Like you, I purchased 200,000 points, giving me a total of 270,000. My husband has almost 250,000 in his account. I was tempted to purchase more, but think we have plenty for now!


----------



## Hoc (Mar 7, 2007)

mjs said:


> I just checked rates for the summer at the Marriott on the Champs Elysees .
> $815 per day plus taxes etc.  Seems like a great value to use cat7 travel package here,  or in Rome.
> mark



You will find that this hotel is virtually never available during peak season using a cert. from a travel package.  Instead, you will need a "stay anytime" award


----------



## labguides (Mar 7, 2007)

Eager to hear where we purchase these points.


----------



## dmharris (Mar 7, 2007)

Jan and Lisa,

Thanks for revealing your point totals; makes me more comfortable at where I am.


----------



## Denise L (Mar 7, 2007)

So I was reading this thread early on and thought, no way can I buy any points...but now with the deadline imminent, it is bugging me. I have never used my Marriott points before, so I am a newbie to this...I have some from the years before kids. Can someone explain this to me briefly?
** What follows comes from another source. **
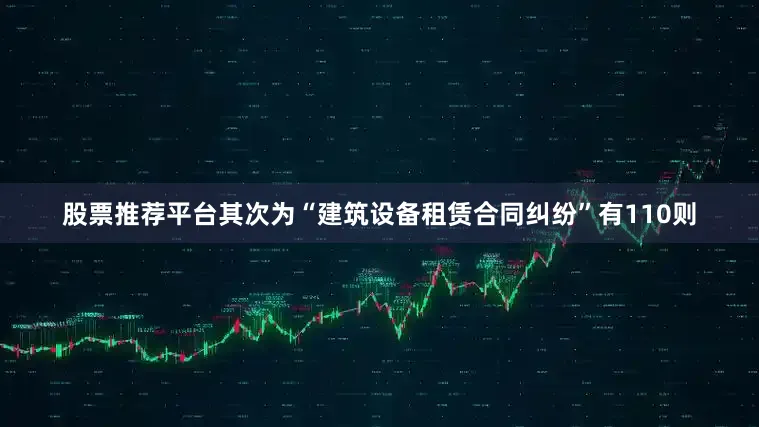 股票推荐平台其次为“建筑设备租赁合同纠纷”有110则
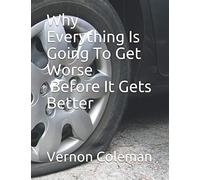 Why Everything Is Going To Get Worse Before It Gets Better: And What You Can Do About It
I would only ever use the points for airline tickets, so is it really worth it? One ticket to Hawaii is typically 35K miles so if I needed 4 tickets, I would need 140K miles. I can convert 125 MRPs to 50K miles, so I'd need roughly 375K MRPs for 4 tickets? At 1 cent a point, that's $3750! Am I doing this math correctly?

How could it work with the air & hotel and turning the hotel voucher back in for points? 440K MRPs for 4 tickets and then I'd turn 2 vouchers back in for 45K MRPs each? So net MRPs for 4 tickets would be 350K, or $3500?

Tell me if I am wrong, but this probably isn't a good use of the points? Airfare to Hawaii is about $700-800+ so this isn't such a deal, plus I'd have to deal with booking 331 days out, etc.


----------



## jerseygirl (Mar 7, 2007)

I bought the 70K/Category 7 package (220K points) over the weekend.  My points were posted Monday and I've already got my FF tickets to Hawaii and an add-on week to a previously scheduled trip.  I had more than enough miles to get the tickets without the extra 70K miles, but I priced the trip and couldn't pass it up ($4500 worth of air and hotel for $2200).  It's a sickness, truly -- buying things we don't need because they're a good deal.    Someone move the clock up before I go back and buy more.  I deleted the website from my favorites ... took 2 Tylenol PM ...


----------



## Dave M (Mar 7, 2007)

Denise -

Your math is correct, but your scenario isn't the best way to get FF miles for Hawaii. As stated in post #146, you can get 120,000 FF miles for a net of 190,000 MR points. At a penny a point, assuming you already have at least 45,000 MR points (to get the 235,000 point award), that's $1,900 for 120,000 of the 140,000 that you need for your four plane tickets.


----------



## LAX Mom (Mar 7, 2007)

jerseygirl said:


> It's a sickness, truly -- buying things we don't need because they're a good deal.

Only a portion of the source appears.